== Available data ==
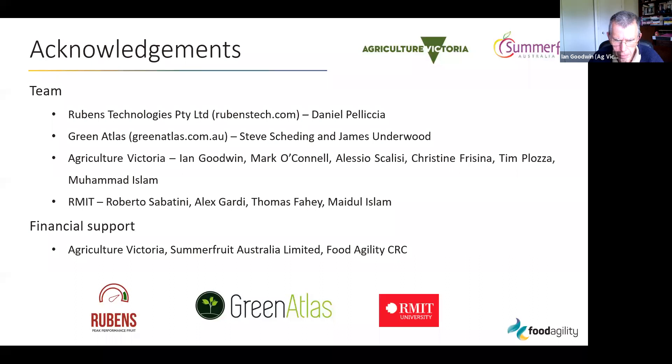On behalf of us all, thank you — that was a real eye-opening presentation. Looking forward to hearing more of the hard lessons learned as this industry comes to grips with the opportunities here. Thanks again, Ian. Ian is based in Agriculture Victoria Research and is very closely connected to the smart farm network.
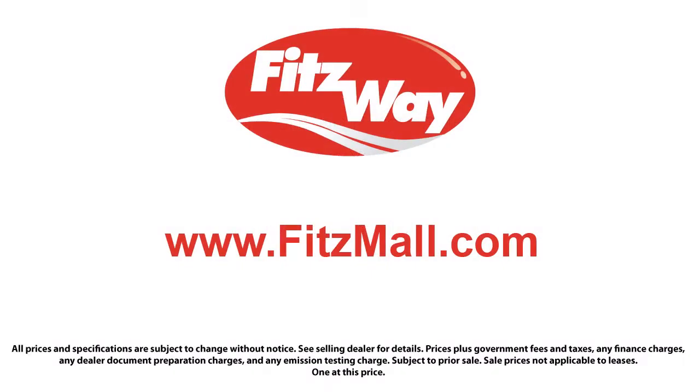Fitzgerald Auto Malls is the first and only auto dealer group in North America to have achieved the ISO certification. So you can buy with confidence knowing that you're in the best possible hands. The Fitzway puts the customer first with honesty, respect, and a total commitment to customer satisfaction. That's the Fitzway.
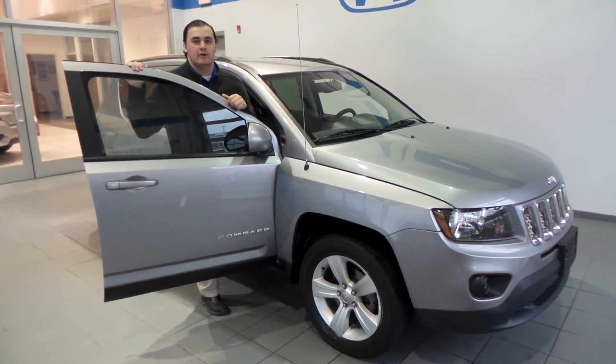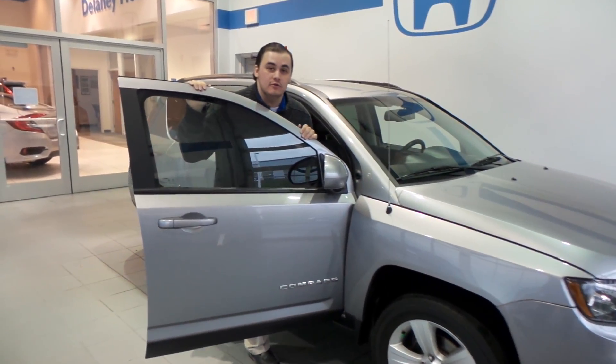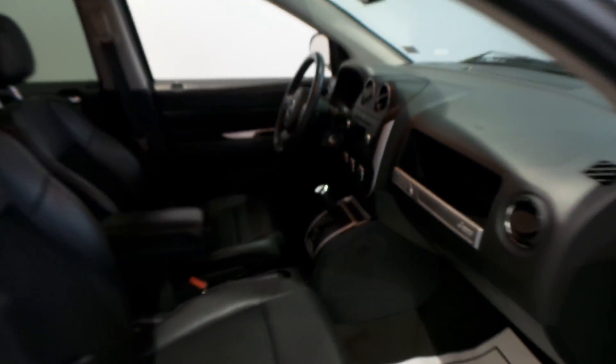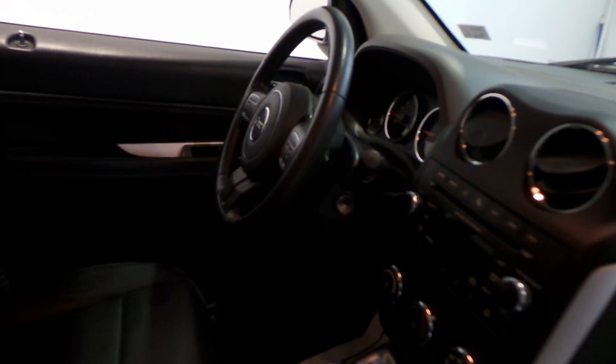Hey guys, Jamie at Delaney here showing off another one of our great used cars. This is a 2014 Jeep Compass — take a look inside at this. Those are some very comfortable seats; I was just sitting in them myself.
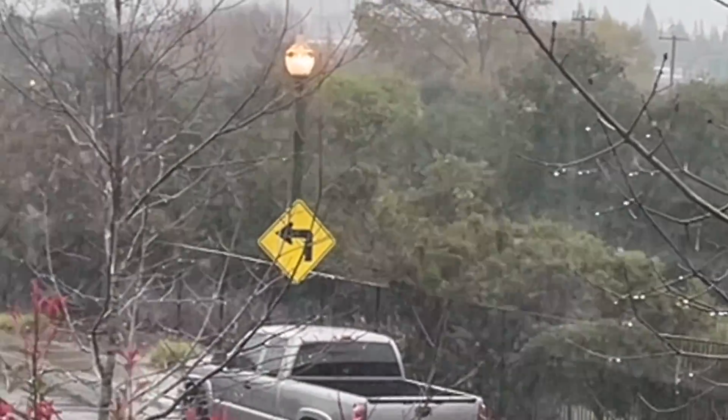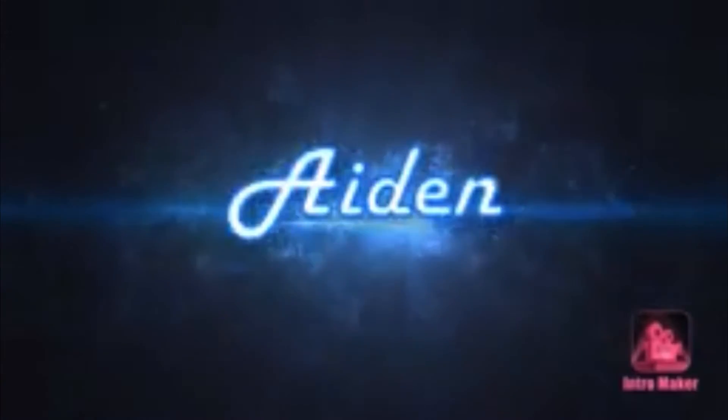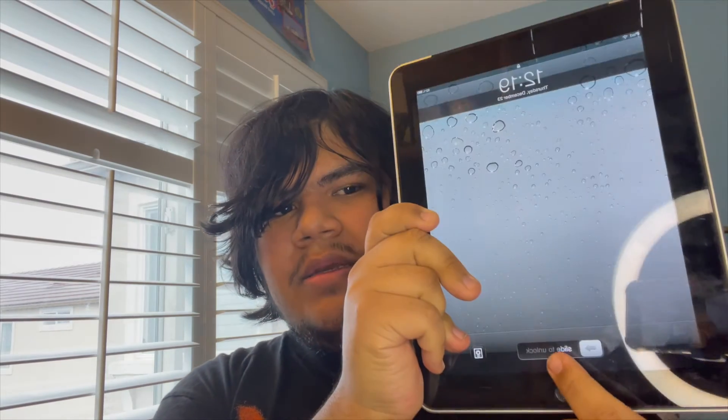Whoa, would you look at that? It's raining outside. I wanted to film today. Oh wait, maybe I can. Hey guys, welcome back to my channel. Today we're going to be talking about the first generation iPad — see how it holds up 12 years later. This is the first generation iPad. Let's do this.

== Exercise instructions ==
All that is required is an exact reproduction of the lines from the one containing "Hey guys, Jamie" to the final line of the listing above, pictures omitted.

== Task result ==
Hey guys, Jamie at Delaney here showing off another one of our great used cars. This is a 2014 Jeep Compass — take a look inside at this. Those are some very comfortable seats; I was just sitting in them myself.
Whoa, would you look at that? It's raining outside. I wanted to film today. Oh wait, maybe I can. Hey guys, welcome back to my channel. Today we're going to be talking about the first generation iPad — see how it holds up 12 years later. This is the first generation iPad. Let's do this.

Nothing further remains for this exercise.